A Lei de Acesso à Informação assegura, também, a realização de campanha de abrangência nacional de fomento à cultura da transparência na administração pública e conscientização do direito fundamental de acesso à informação; o treinamento de agentes públicos; o monitoramento da aplicação da lei no âmbito da administração pública federal e, ainda, o encaminhamento ao Congresso Nacional de relatório anual com informações atinentes a sua implantação. A leitura desses comandos normativos deixa clara a preocupação do governo federal em preparar-se para o atendimento das demandas, para o monitoramento interno de suas atividades, bem assim, para a prestação de contas ao Congresso Nacional. Na mesma lei, entretanto, não consta disposição específica objetivando capacitar o cidadão para o

desenvolvimento de sua ação junto ao Estado. Em outras palavras, a LAI não disponibilizou os meios para que os cidadãos a usasse em sua completude. Em minha percepção, mesmo que o aparato estatal disponha das ferramentas e qualificações técnicas necessárias para o desenvolvimento de sua missão, sem a formação crítica do cidadão restará prejudicada a capacidade das pessoas de saber eleger, avaliar e criticar as informações (PEREIRA, 2011).

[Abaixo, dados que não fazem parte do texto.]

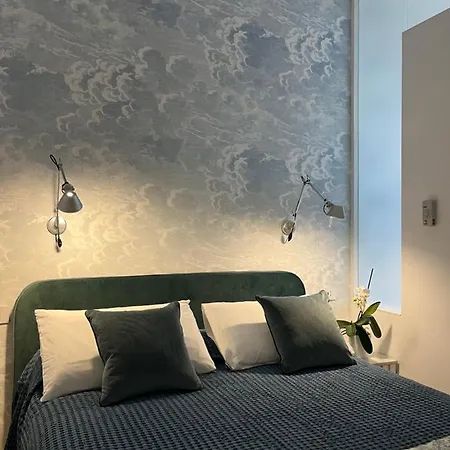 About Italy And Gasthuis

A despeito das contradições aqui apontadas, entendo que a sociedade deve se apropriar das garantias e dos recursos estabelecidos na lei e usá-la abundantemente - com vistas a colher os elementos direcionadores da fiscalização cidadã sobre os atos públicos - e, dessa forma, mostrar a sociedade suas falhas estruturais e lutar pelas mudanças necessárias, exercitando sua autonomia crítica.